Extracted data ::
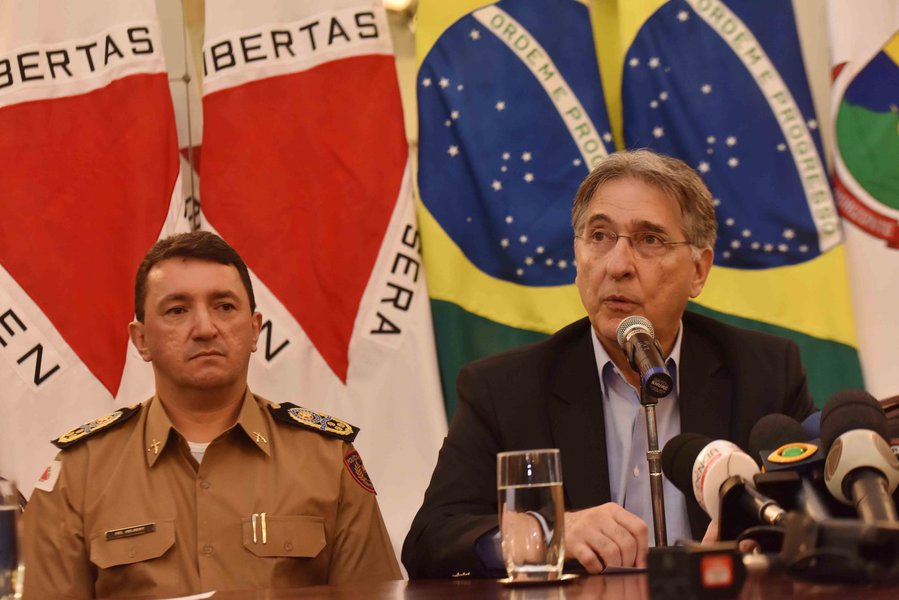 Governador Fernando Pimentel participa de coletiva sobre queima de ônibus 27-06-2018- Prefeitura de Belo Horizonte Foto: Manoel Marques/imprensa-MG (Foto: Leonardo Lucena) Governador Fernando Pimentel participa de coletiva sobre queima de ônibus 27-06-2018- Prefeitura de Belo Horizonte Foto: Manoel Marques/imprensa-MG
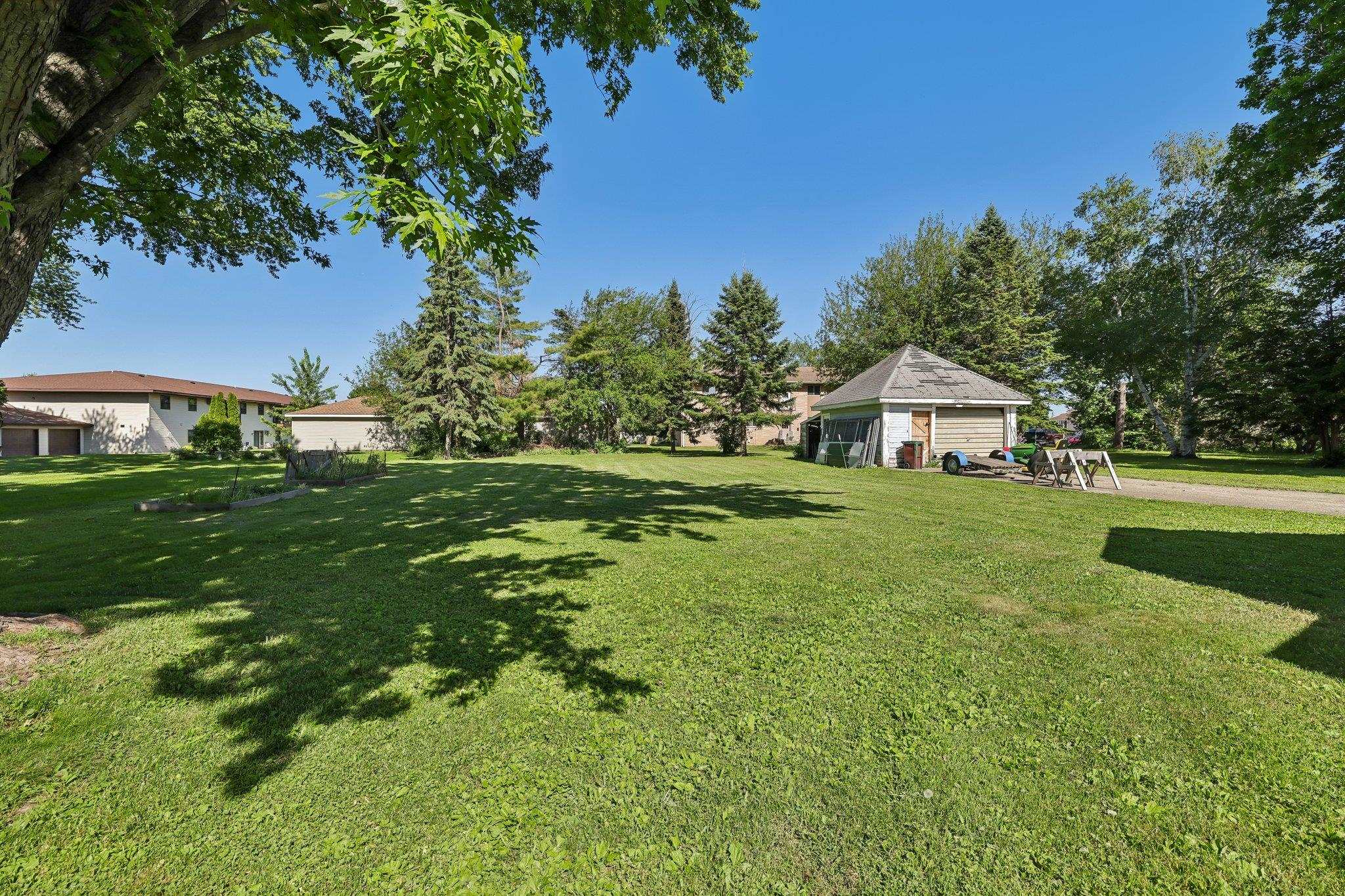 1027 Farnham Street Columbus, WI 53925 - Photo 39 of 39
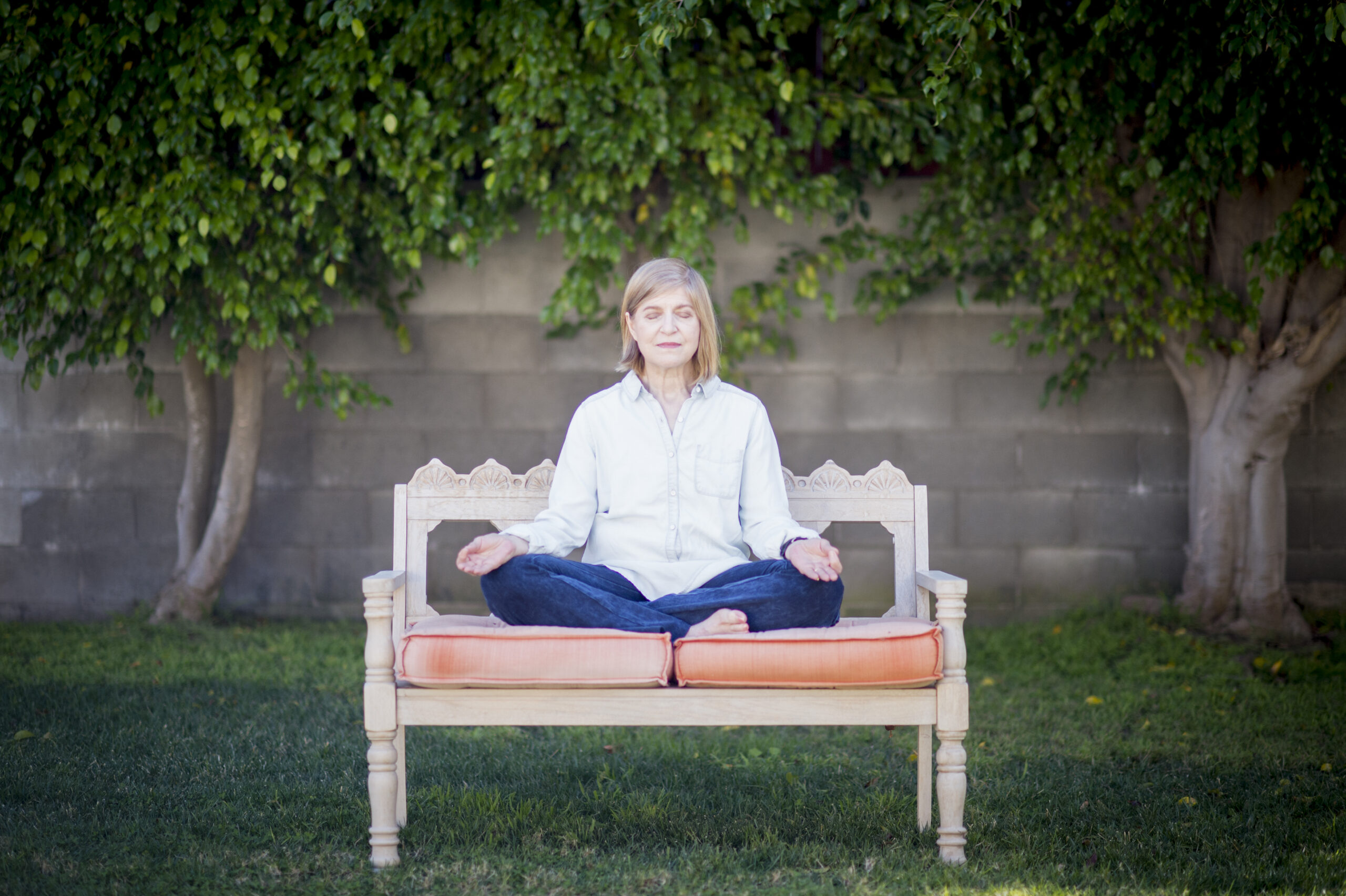 Elizabeth Kipp meditating in Los Angeles.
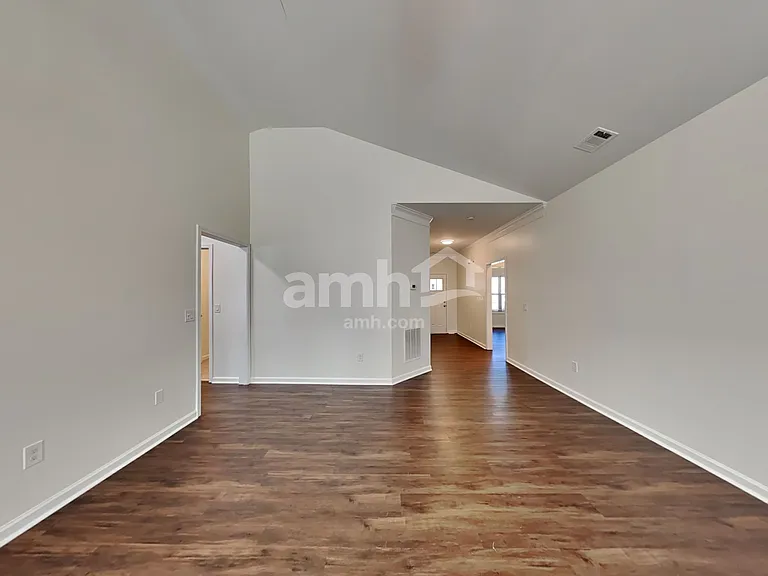 3227 Hideaway Ln — Photo 6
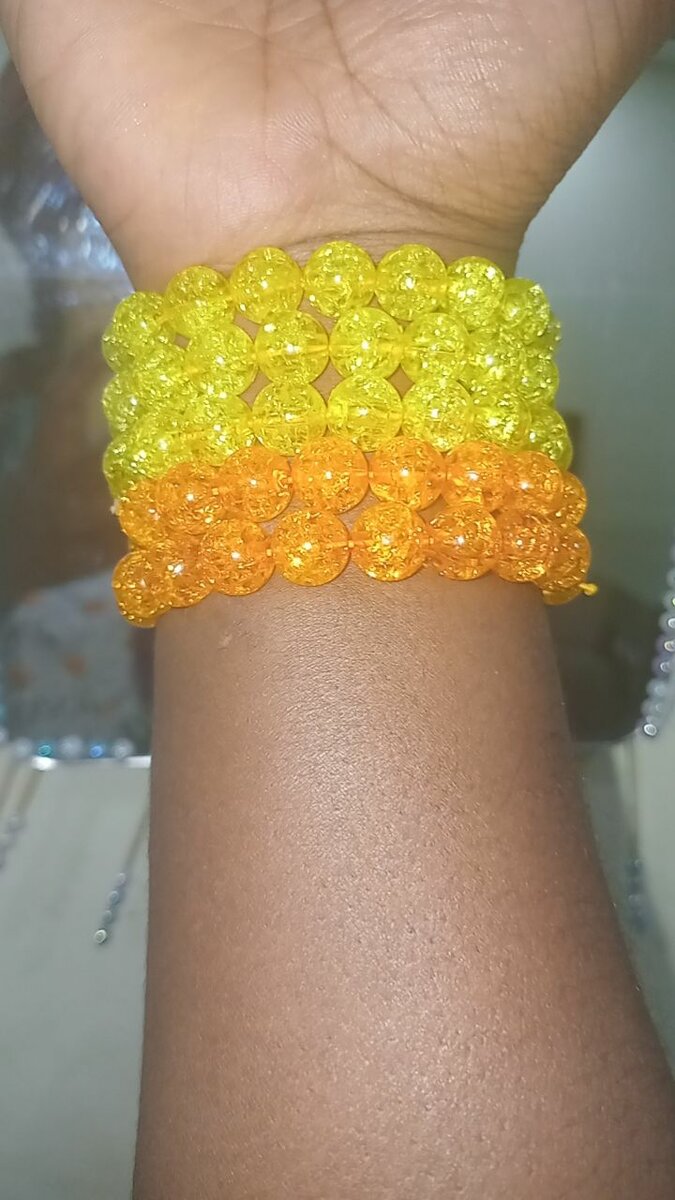 Bracelets en perles colorées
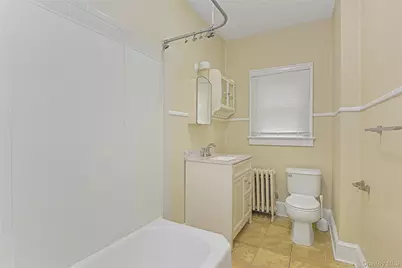 3 Jarvis Court, Huntington, NY 11743 - Photo 12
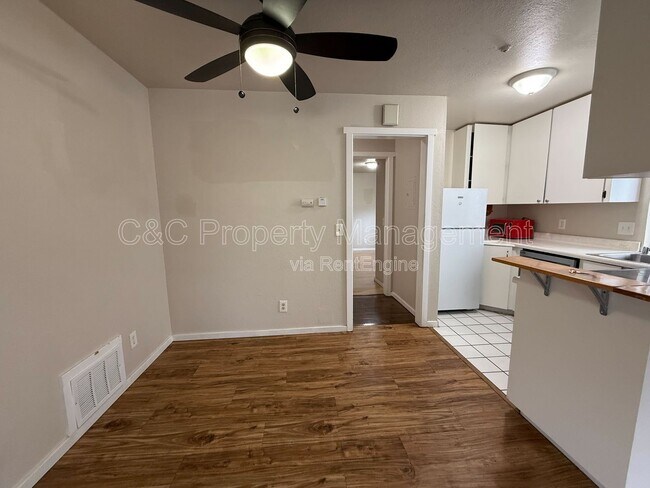 Building Photo - 300 Stony Point Rd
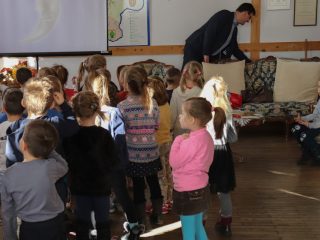 Świąteczny tydzień w Bibliotece dla dzieci z przedszkola nr 2 im. Św. Mikołaja w Sułkowicach - zdjęcie 10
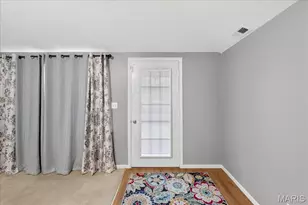 16 Midland Ave, Maryland Heights, MO 63043 - Photo 4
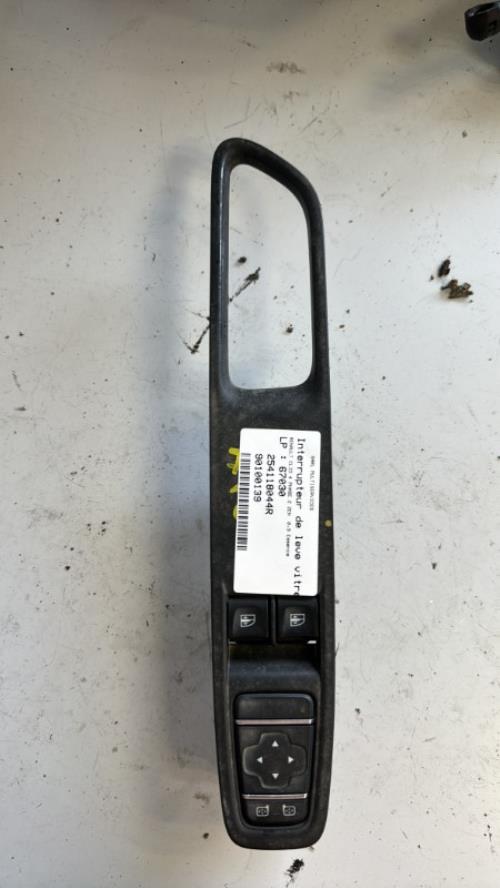 Interrupteur de leve vitre avant gauche RENAULT CLIO 4 PHASE 2 Essence image 3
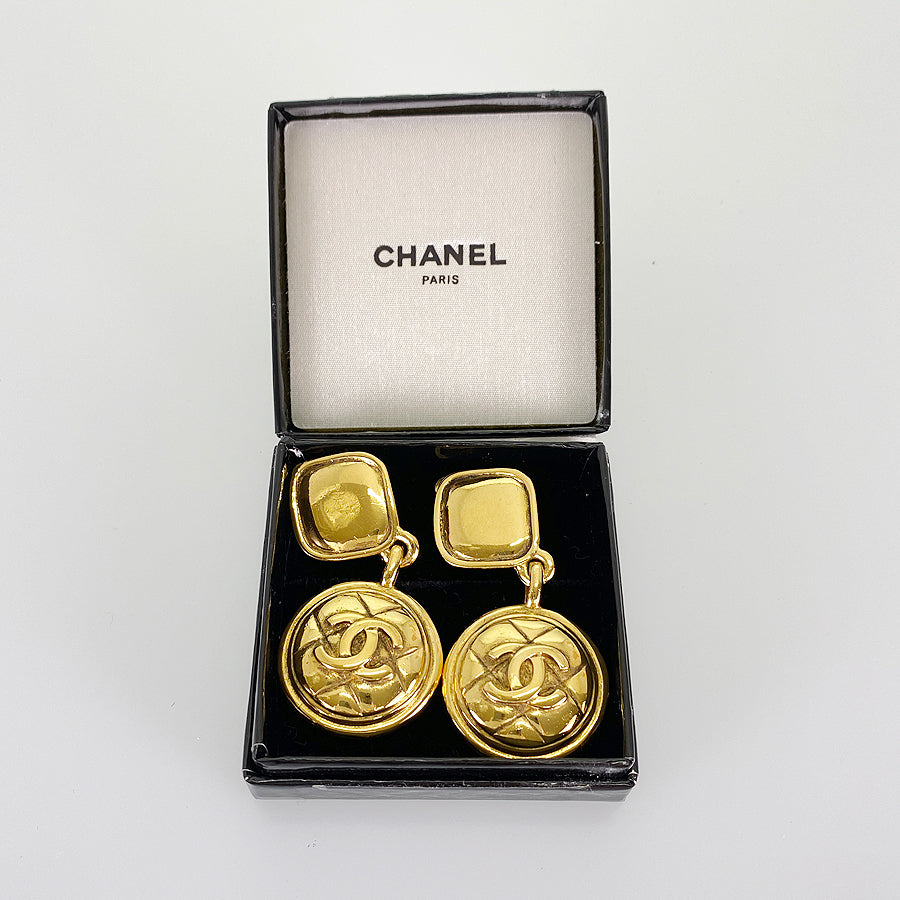 CHANEL Earring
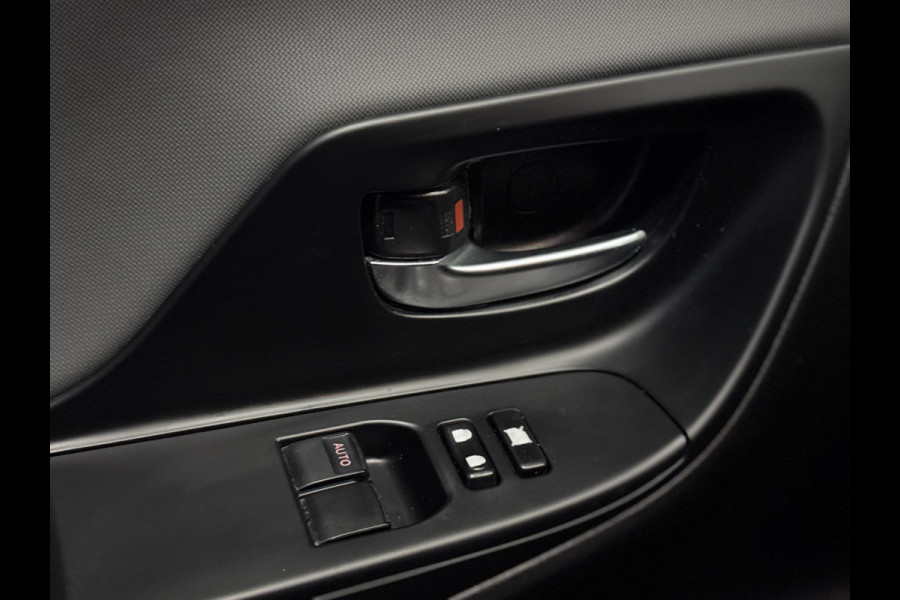 Toyota Yaris 1.3 VVT-i Dynamic AUT. | CAMERA | CLIMA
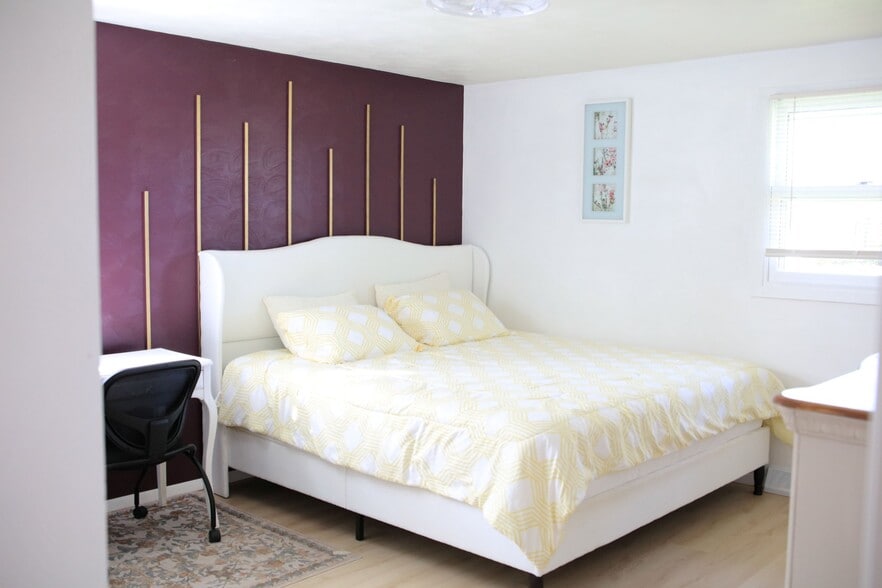 Building Photo - 1 Division St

Problem :: The whole listing is to be retyped exactly, with its pictures removed.

The completed task ::
 Governador Fernando Pimentel participa de coletiva sobre queima de ônibus 27-06-2018- Prefeitura de Belo Horizonte Foto: Manoel Marques/imprensa-MG (Foto: Leonardo Lucena) Governador Fernando Pimentel participa de coletiva sobre queima de ônibus 27-06-2018- Prefeitura de Belo Horizonte Foto: Manoel Marques/imprensa-MG
 1027 Farnham Street Columbus, WI 53925 - Photo 39 of 39
 Elizabeth Kipp meditating in Los Angeles.
 3227 Hideaway Ln — Photo 6
 Bracelets en perles colorées
 3 Jarvis Court, Huntington, NY 11743 - Photo 12
 Building Photo - 300 Stony Point Rd
 Świąteczny tydzień w Bibliotece dla dzieci z przedszkola nr 2 im. Św. Mikołaja w Sułkowicach - zdjęcie 10
 16 Midland Ave, Maryland Heights, MO 63043 - Photo 4
 Interrupteur de leve vitre avant gauche RENAULT CLIO 4 PHASE 2 Essence image 3
 CHANEL Earring
 Toyota Yaris 1.3 VVT-i Dynamic AUT. | CAMERA | CLIMA
 Building Photo - 1 Division St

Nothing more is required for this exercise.